Comme vous le savez, ce dernier dispositif d'admission au séjour a été précisé par la circulaire du 28 novembre 2012, laquelle invite les préfets à faire« un usage bienveillant » de leur pouvoir de régularisation pour les mineurs étrangers isolés en France âgés de plus de seize ans, en délivrant soit un titre de séjour « salarié », si les conditions de suivi d'une formation professionnelle sont remplies, soit un titre de séjour « étudiant » si le jeune est engagé dans une formation généraliste.

Cette circulaire clarifie également la notion de« liens avec le pays d'origine », qui constitue souvent le frein le plus important aux régularisations.

Ces dispositions ont permis d'assouplir autant que faire se peut les conditions d'admission au séjour de ces mineurs étrangers isolés accédant à la majorité. Elles constituent un progrès, qui doit pouvoir être encore conforté à l'occasion de l'examen par la Haute Assemblée des textes à venir sur l'immigration et l'asile.

Mme la présidente. La parole est à Mme Maryvonne Blondin.

Mme Maryvonne Blondin. Monsieur le ministre, je vous remercie de votre réponse.

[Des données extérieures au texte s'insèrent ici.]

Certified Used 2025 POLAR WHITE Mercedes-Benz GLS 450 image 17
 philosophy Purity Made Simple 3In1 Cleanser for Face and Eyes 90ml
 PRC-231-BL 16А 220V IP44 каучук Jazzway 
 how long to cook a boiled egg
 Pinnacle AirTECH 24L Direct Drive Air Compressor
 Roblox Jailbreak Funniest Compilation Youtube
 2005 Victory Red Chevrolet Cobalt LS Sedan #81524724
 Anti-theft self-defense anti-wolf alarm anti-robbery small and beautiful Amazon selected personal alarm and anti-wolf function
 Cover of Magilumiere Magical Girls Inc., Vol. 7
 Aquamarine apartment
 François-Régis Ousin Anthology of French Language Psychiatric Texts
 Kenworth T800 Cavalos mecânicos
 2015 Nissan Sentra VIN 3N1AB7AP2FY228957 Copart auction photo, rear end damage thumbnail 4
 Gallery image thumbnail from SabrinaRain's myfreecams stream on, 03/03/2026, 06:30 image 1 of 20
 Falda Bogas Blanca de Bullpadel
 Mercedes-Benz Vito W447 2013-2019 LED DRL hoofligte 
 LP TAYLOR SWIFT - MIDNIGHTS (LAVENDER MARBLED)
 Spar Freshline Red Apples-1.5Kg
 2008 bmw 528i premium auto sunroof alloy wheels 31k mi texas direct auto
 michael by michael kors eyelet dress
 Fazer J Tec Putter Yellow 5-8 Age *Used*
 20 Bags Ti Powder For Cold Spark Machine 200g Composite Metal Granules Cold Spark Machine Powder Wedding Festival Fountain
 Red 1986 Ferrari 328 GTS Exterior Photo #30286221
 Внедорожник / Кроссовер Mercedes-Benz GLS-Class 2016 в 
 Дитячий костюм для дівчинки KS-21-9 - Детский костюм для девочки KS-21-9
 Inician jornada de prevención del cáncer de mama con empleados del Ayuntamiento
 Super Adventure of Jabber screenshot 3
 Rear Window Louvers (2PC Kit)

En guise d'illustration de mon propos, sachez que, sur les cinquante-neuf mineurs isolés accueillis dans mon département, trente étaient âgés de plus de seize ans ! Le problème de leur sortie du territoire se pose donc avec acuité.

Je veux également vous rappeler que la question des mineurs isolés qui accèdent à la majorité a été évoquée au niveau du Conseil de l'Europe. Ainsi, une résolution intitulée Enfants migrants non accompagnés : quels droits à dix-huit ans ? a été adoptée par la commission des migrations de l'Assemblée parlementaire du Conseil de l'Europe, ou APCE.

Cette résolution vise à mettre en place un statut de transition pour les personnes migrantes devenant majeures, tout en continuant à leur accorder les droits les plus élémentaires aussi longtemps que nécessaire. Elle s'adresse à tous les États-parties du Conseil de l'Europe. Il serait bon de s'en inspirer ! D'ailleurs, le rapport ayant servi de support à son élaboration sera débattu lors de la réunion de la commission permanente de l'APCE à Bakou, le 23 mai prochain.